Description of the task:
Copy, please, the line with "Wasurerarenai Yoru to" and each line that follows it through the end of the data below, exactly as given and without pictures.

Recorded information:
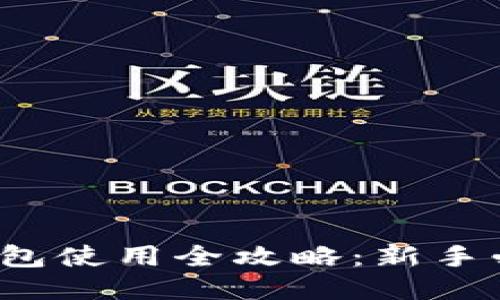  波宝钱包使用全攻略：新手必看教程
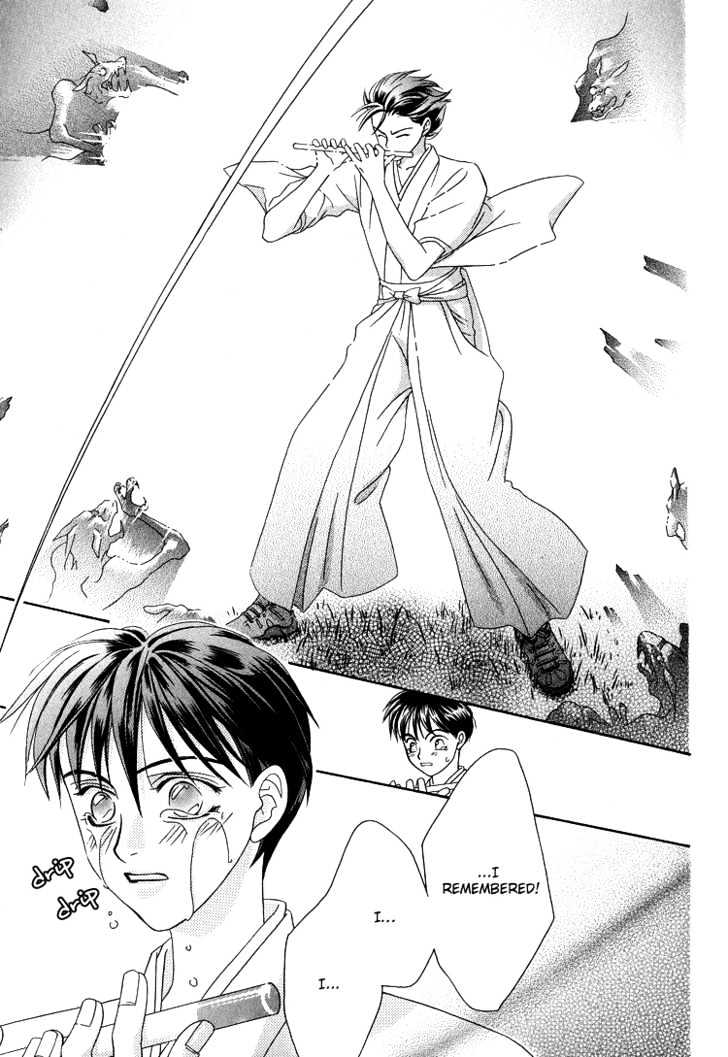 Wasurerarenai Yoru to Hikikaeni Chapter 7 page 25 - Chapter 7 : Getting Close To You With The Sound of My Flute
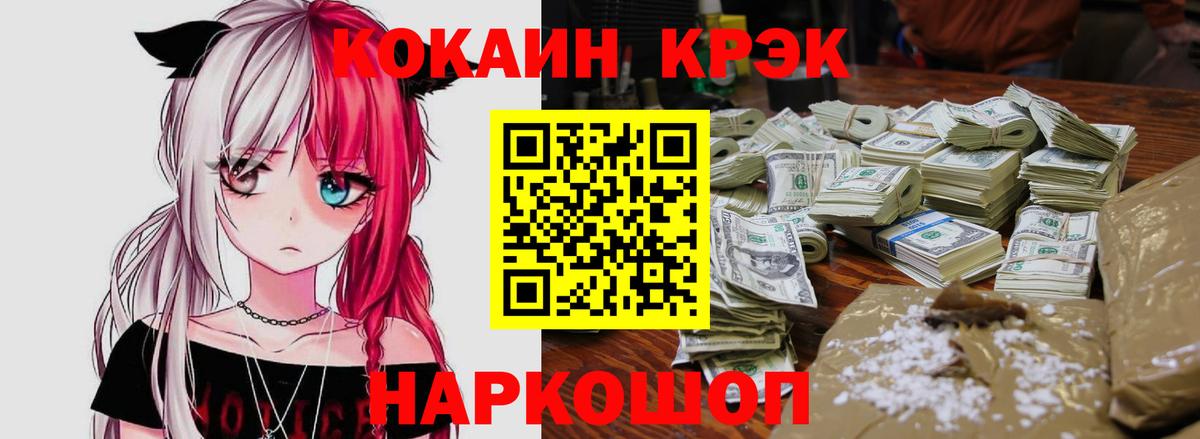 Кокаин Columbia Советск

Written response:
 Wasurerarenai Yoru to Hikikaeni Chapter 7 page 25 - Chapter 7 : Getting Close To You With The Sound of My Flute
 Кокаин Columbia Советск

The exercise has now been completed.